Il tremendo Montucolo Austriaco
(del s.ten. Aldo Barbaro)
Il martedì dopo Pasqua ci giunge l'ordine di partire per le posizioni del Montucolo, ove quattro giorni or sono c'è stata l'accanita battaglia che ci ha permesso di prendere possesso delle posizioni austriache munitissime. Il posto gode pessima fama tra i fanti perché la nostra linea si trova abbarbicata alle rocce, completamente sotto il tiro degli austriaci, soprastanti, cosicché le perdite sono ogni giorno notevoli.
Anche qui l'anno scorso, di novembre, i nostri riuscirono ad andare innanzi, ma conquistata la posizione nemica ne trovarono a poche decine di metri un'altra ancor meglio organizzata, che è poi quella conquistata il 21 aprile. Ed anche stavolta il nemico ha trovato modo di sistemarsi nuovamente un poco più indietro. Curiosa questa guerra in alta montagna! Dopo che hai fatto un'avanzata e battuto l'avversario occupando le sue trincee ed hai seminato il terreno di morti e di feriti, ti ritrovi quasi sempre nella stessa situazione di prima...
Finalmente arrivo al Montucolo! Penetro nella parte centrale delle posizioni attraverso un varco aperto fra i sacchetti di una specie di ridottino. Mi sporgo un attimo dal parapetto e guardo all'intorno: è una gran brutta posizione codesta ed hanno ragione i fanti e quelli del genio a dirne tanto male.
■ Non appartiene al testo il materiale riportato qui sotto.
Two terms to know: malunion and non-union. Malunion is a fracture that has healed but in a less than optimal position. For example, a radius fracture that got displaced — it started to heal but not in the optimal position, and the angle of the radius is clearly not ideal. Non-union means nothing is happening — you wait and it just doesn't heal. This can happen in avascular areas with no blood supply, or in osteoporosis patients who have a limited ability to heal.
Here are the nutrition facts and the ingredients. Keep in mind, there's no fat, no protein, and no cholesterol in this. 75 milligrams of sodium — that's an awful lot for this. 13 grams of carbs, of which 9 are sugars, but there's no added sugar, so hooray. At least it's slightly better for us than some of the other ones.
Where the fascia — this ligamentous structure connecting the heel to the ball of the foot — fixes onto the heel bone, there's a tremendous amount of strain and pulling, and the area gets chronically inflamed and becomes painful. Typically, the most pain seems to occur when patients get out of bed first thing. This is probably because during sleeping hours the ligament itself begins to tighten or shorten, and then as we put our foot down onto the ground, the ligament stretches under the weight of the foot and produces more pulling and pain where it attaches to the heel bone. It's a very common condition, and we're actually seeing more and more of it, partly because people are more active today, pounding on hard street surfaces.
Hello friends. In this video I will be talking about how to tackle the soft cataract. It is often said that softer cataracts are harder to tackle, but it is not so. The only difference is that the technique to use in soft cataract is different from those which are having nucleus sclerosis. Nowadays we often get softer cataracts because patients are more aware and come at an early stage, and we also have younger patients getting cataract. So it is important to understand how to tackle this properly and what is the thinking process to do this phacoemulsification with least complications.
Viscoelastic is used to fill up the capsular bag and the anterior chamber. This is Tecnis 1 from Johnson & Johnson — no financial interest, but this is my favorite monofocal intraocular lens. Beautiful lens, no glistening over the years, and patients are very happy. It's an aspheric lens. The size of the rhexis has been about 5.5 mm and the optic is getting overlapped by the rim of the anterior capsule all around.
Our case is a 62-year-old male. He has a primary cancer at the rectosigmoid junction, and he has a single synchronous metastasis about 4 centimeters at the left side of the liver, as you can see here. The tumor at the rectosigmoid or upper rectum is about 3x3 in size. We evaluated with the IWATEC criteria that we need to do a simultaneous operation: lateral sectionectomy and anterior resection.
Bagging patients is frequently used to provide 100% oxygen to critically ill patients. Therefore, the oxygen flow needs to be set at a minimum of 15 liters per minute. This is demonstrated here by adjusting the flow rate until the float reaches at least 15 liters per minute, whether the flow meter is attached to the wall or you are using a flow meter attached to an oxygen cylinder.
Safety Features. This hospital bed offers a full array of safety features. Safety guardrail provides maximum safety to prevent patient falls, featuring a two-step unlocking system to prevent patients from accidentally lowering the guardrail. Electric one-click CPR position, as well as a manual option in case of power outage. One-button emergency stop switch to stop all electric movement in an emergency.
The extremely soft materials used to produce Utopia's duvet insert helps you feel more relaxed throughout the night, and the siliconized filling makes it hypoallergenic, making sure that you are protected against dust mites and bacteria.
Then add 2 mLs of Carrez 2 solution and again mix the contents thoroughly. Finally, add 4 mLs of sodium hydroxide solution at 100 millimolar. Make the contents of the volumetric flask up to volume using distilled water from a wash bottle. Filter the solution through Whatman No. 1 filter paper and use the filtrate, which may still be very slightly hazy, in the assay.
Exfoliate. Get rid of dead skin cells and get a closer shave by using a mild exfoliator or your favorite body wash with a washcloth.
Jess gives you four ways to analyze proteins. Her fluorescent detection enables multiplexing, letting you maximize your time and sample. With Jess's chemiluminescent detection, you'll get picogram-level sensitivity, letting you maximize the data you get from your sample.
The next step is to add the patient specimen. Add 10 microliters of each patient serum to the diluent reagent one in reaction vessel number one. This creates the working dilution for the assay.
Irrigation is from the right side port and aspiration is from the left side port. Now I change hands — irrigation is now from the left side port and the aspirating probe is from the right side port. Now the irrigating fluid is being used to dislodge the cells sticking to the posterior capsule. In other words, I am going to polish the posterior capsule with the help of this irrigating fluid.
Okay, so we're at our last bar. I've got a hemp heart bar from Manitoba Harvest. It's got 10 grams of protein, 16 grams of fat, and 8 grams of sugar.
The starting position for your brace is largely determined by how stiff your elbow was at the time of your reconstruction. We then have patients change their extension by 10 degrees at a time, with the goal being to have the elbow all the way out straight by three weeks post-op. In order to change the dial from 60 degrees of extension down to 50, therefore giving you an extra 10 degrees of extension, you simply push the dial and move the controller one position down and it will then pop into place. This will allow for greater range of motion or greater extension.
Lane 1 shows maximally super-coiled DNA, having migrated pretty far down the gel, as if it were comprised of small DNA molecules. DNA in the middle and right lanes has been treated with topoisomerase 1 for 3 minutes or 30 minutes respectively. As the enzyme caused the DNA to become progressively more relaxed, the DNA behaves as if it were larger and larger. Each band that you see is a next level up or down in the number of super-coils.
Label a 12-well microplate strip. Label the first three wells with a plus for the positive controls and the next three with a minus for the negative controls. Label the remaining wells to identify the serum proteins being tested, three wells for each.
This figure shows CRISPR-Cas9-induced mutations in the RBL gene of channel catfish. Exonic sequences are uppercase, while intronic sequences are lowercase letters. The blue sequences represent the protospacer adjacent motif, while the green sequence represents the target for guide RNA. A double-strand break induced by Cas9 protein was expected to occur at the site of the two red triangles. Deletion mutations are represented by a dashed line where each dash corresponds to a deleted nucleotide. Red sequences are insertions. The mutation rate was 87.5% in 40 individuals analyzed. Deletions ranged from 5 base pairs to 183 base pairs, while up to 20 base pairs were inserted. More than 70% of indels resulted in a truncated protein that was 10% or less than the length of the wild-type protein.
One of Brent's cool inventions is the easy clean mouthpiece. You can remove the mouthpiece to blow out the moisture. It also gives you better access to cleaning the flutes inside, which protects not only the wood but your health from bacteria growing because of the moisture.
Dietro la ridotta, a parecchi metri sottoterra, c'è un'amplissima ed oscura caverna, grande come la piazza di un villaggio; vi sono allogati gli ufficiali ed i soldati con il posto di medicazione ed il deposito dei viveri. La vita sotterranea di questi abitatori trogloditici si svolge alla luce fioca e fumosa delle candele e delle lanterne. La galleria, prima della nostra avanzata, era austriaca; cosi fu necessario riparare l'entrata, che è volta in direzione del nemico, con un piccolo fortilizio blindato. E poiché il terreno è aperto a qualsiasi insidia degli avversari e le vedette hanno una consegna assai severa, si corre il rischio, avvicinando visi specie nelle ore notturne, di essere freddati con un colpo di fucile se non si conosce la parola d'ordine o non la si pronuncia bene. La comunicazione tra la grande galleria e la ridotta è quanto mai suggestiva: uno strettissimo taglio orizzontale nella roccia ove sembra che soltanto un gatto possa entrare. Eppure vi passano, magari con mille fatiche, anche gli uomini infagottati nei pesanti pastrani, facendosi piccoli piccoli e strisciando sul terreno. Quando mi sono trovato dinanzi a quest'apertura ho disperato per un momento di potervi penetrare. Ma pensando che tanti altri prima di me c'erano entrati e ne erano usciti, mi ci sono messo dì buzzo buono ed alla fine sono riuscito a passare. In fondo all'interminabile grotta, dopo molto cercare nel semibuio, ho trovato infine la mia compagnia, accovacciata a terra, in attesa del turno per inviare le vedette alle trincee avanzate. Qui dentro tutti parlano sottovoce. Chissà perché? Certo non è per il timore di essere sentiti dal nemico... Ma deve essere il pauroso incombere delle rocce sul capo ed anche la quasi completa oscurità dell'ambiente a mettere in soggezione gli abitanti di questo strano agglomerato sotterraneo.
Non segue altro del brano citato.